Plan został wykonany dosłownie...
Opuściwszy Podbereże z wielkim hałasem, odprowadzani prawie przez całą służbę, ujechali kilka kilometrów, poczem skręcili w las.
Tam rychło Fred, przy pomocy Dena, wyprzągł konie i przywiązał je do drzew. Następnie pogasił latarnie powoziku i zręcznie ukrył go w krzakach.
A później, niczem złoczyńcy, jęli się skradać do zamku.
Samo przedostanie się poszło gładziej, niżli można było tego się spodziewać.
Od czasu ich wyjazdu upłynęła prawie godzina. Dochodziła jedenasta. Służba już udała się na spoczynek i nikt nie kręcił się dokoła pałacu.
Wyczekali chwilę, kiedy dozorca nocny znalazł się po drugiej stronie domu i zbliżyli szybko do okna na parterze, które umyślnie przedtem zostało tylko przysłonione a okiennice otwarte.
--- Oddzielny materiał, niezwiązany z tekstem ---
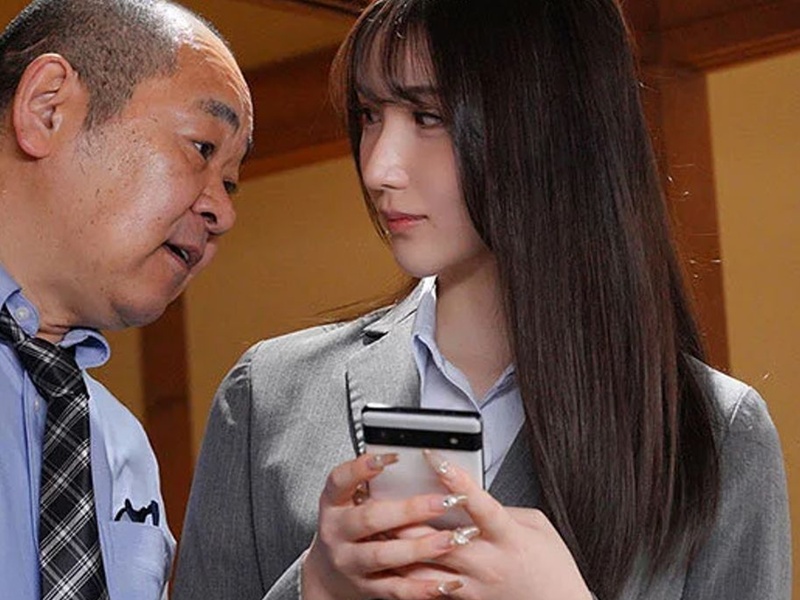 【美人部下と相部屋】『彼氏のチ◯ポじゃ満足できねぇんだろ？』そのとおりよ、絶倫おやじの激ピスでイキまくる私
Nikt ich nie zauważył. Jedynie psy powitały Wandę i Freda radosnem łaszeniem się i wywijaniem ogonów, a później długo patrzyły zdziwione, podniósłszy mordy do góry, czemu „państwo”, wraz z jakimś obcym jegomościem, drapią się przez okno, niczem złodziejaszkowie, miast uczciwie przedostać się drzwiami do siebie.